■ **Required work**: Down to the last line of the listing, starting at the one with "RUEDA 3-0001 R.GIR.KG.22", retype each line exactly. Do not copy the pictures.

■ **Records**:
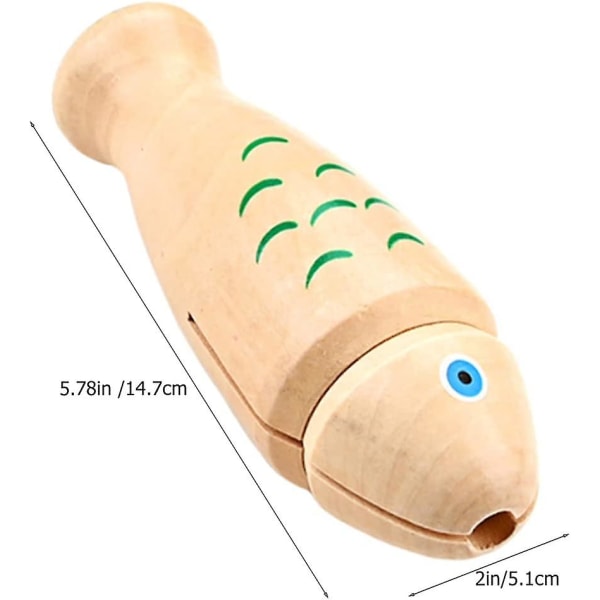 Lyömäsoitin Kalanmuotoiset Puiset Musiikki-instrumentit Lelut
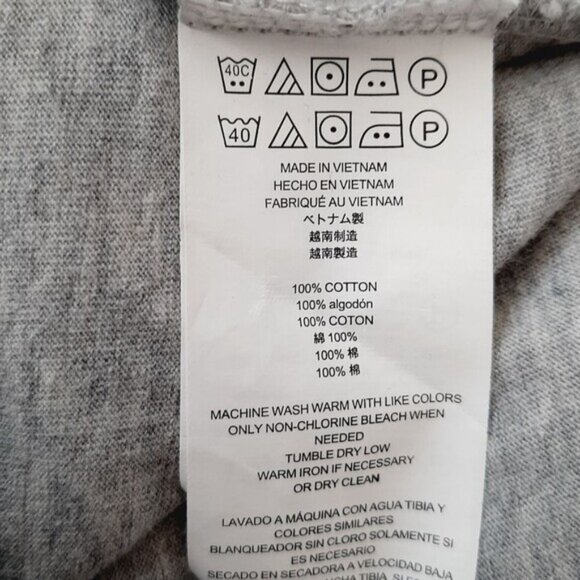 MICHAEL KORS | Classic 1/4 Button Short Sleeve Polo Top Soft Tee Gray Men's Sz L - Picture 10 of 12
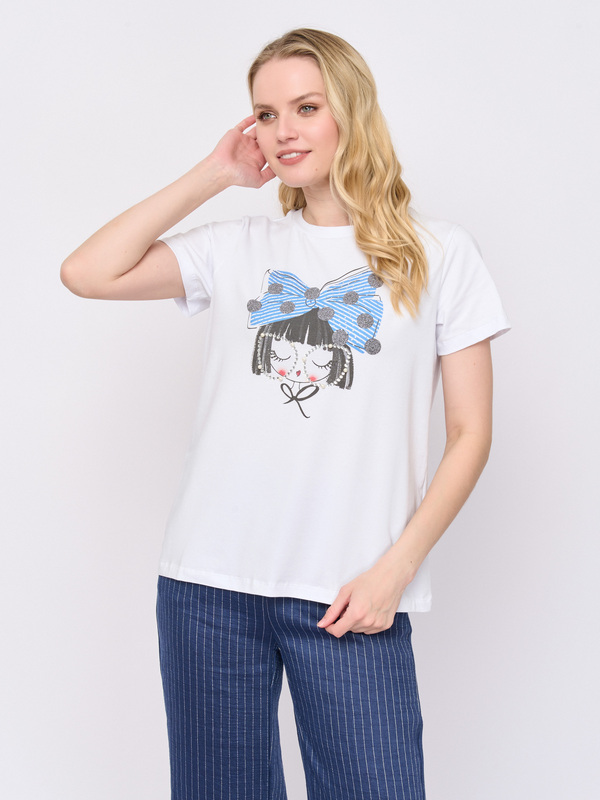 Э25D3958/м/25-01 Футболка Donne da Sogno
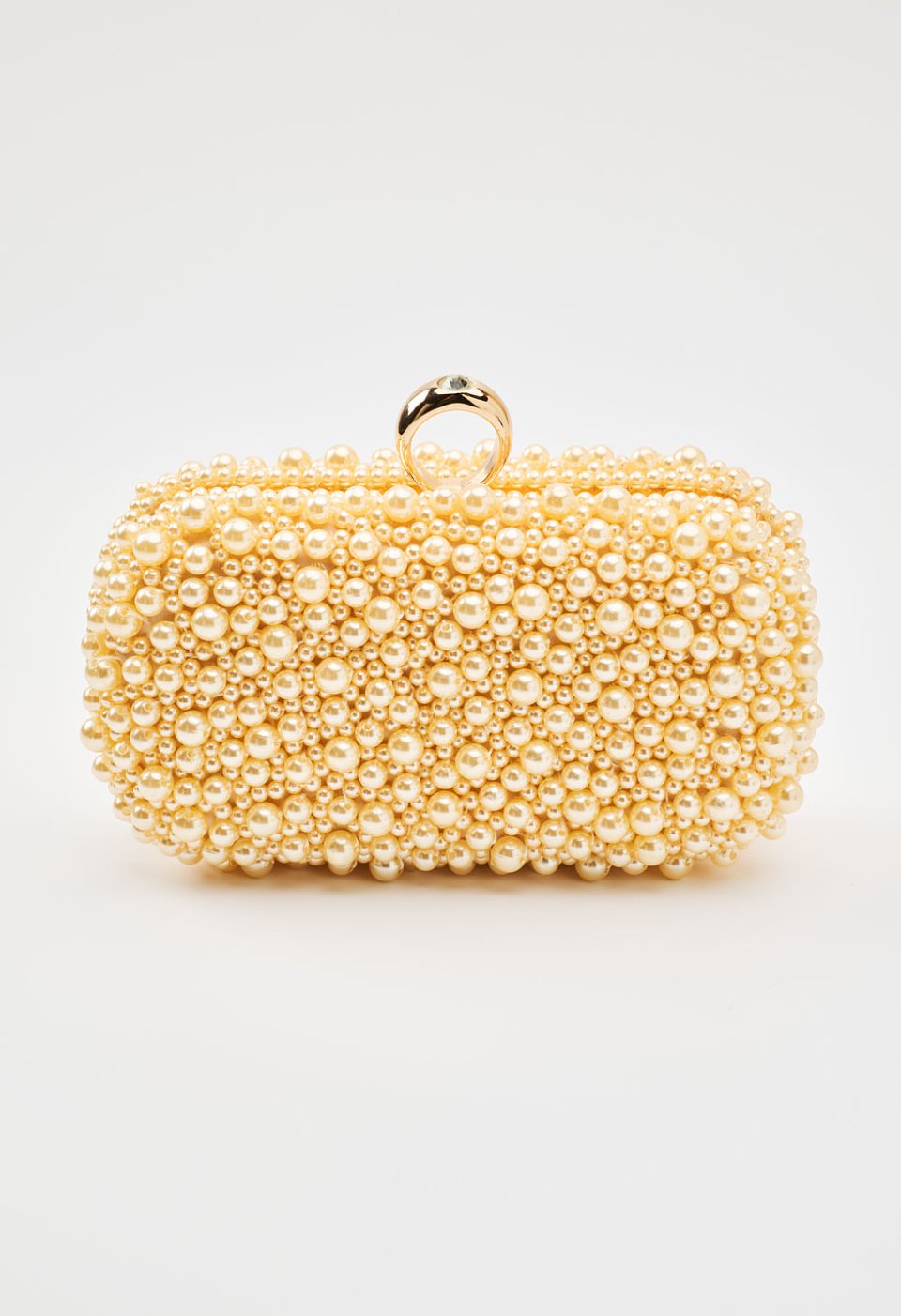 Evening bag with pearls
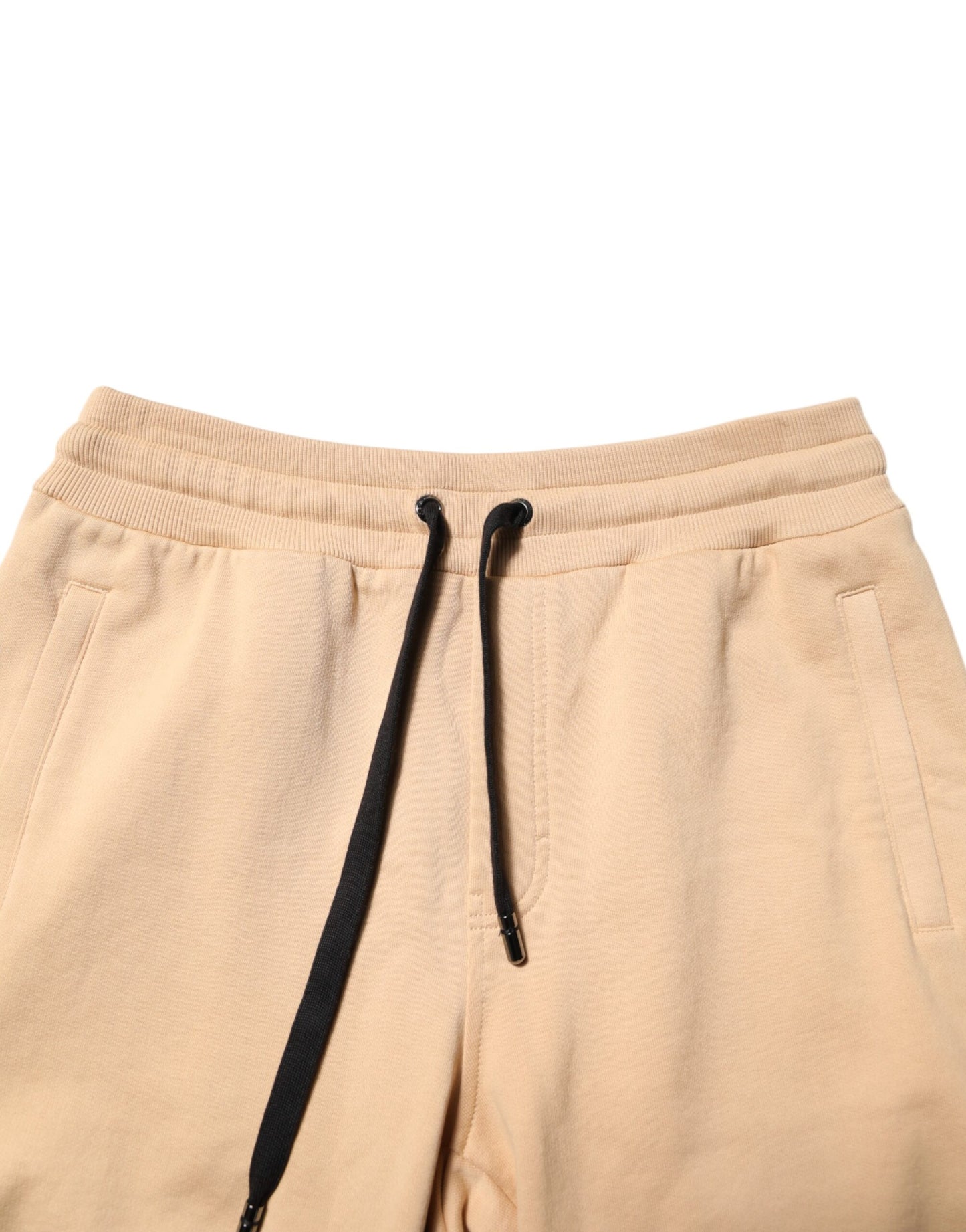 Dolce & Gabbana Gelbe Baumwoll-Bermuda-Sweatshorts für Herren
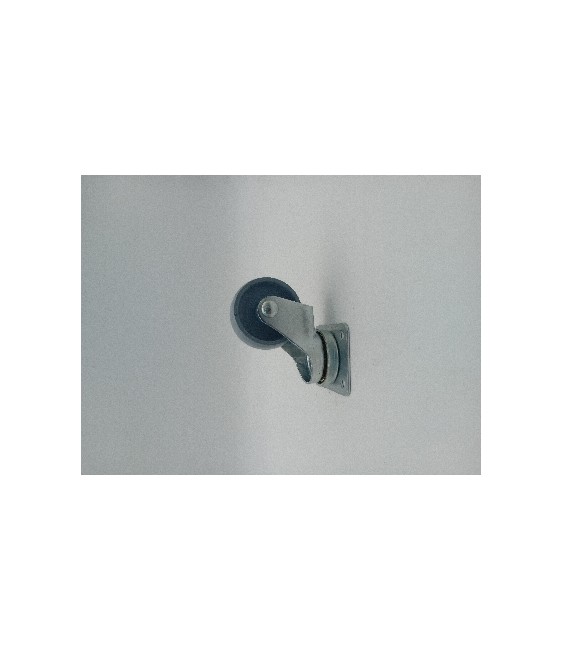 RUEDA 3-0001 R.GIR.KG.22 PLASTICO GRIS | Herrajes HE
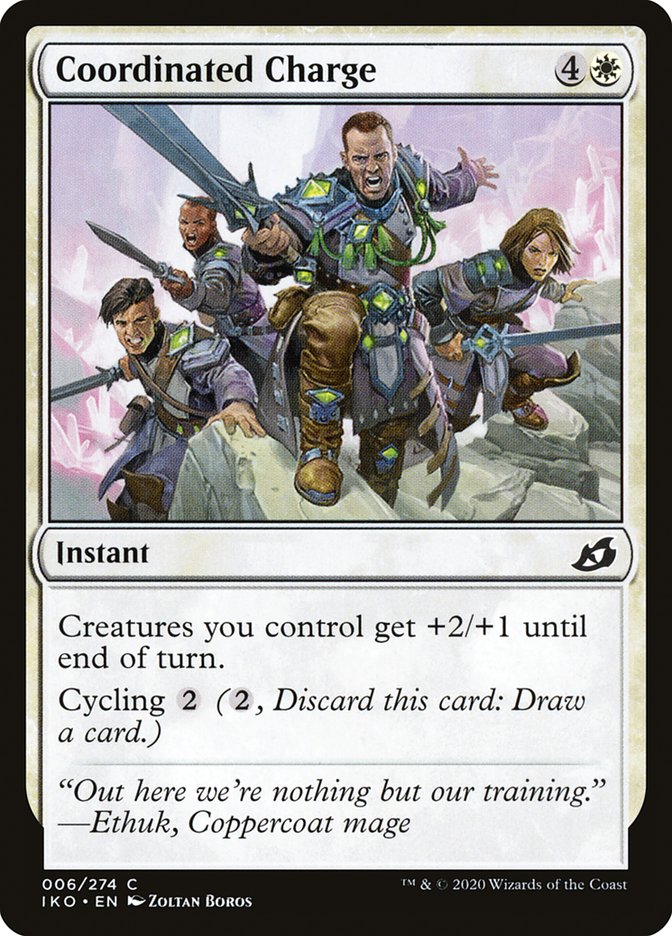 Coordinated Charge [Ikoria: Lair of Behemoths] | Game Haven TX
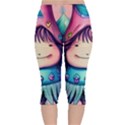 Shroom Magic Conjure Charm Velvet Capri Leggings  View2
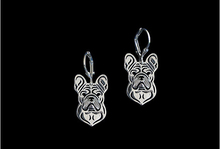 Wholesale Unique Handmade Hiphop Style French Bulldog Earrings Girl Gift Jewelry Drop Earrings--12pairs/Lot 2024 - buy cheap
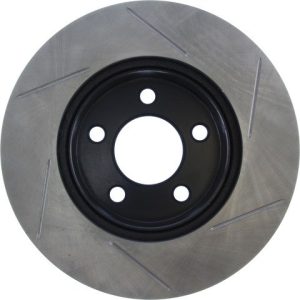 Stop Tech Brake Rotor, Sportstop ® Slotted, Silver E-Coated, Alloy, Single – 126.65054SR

■ **Finished exercise**:
 RUEDA 3-0001 R.GIR.KG.22 PLASTICO GRIS | Herrajes HE
 Coordinated Charge [Ikoria: Lair of Behemoths] | Game Haven TX
 Shroom Magic Conjure Charm Velvet Capri Leggings  View2
 Wholesale Unique Handmade Hiphop Style French Bulldog Earrings Girl Gift Jewelry Drop Earrings--12pairs/Lot 2024 - buy cheap
 Stop Tech Brake Rotor, Sportstop ® Slotted, Silver E-Coated, Alloy, Single – 126.65054SR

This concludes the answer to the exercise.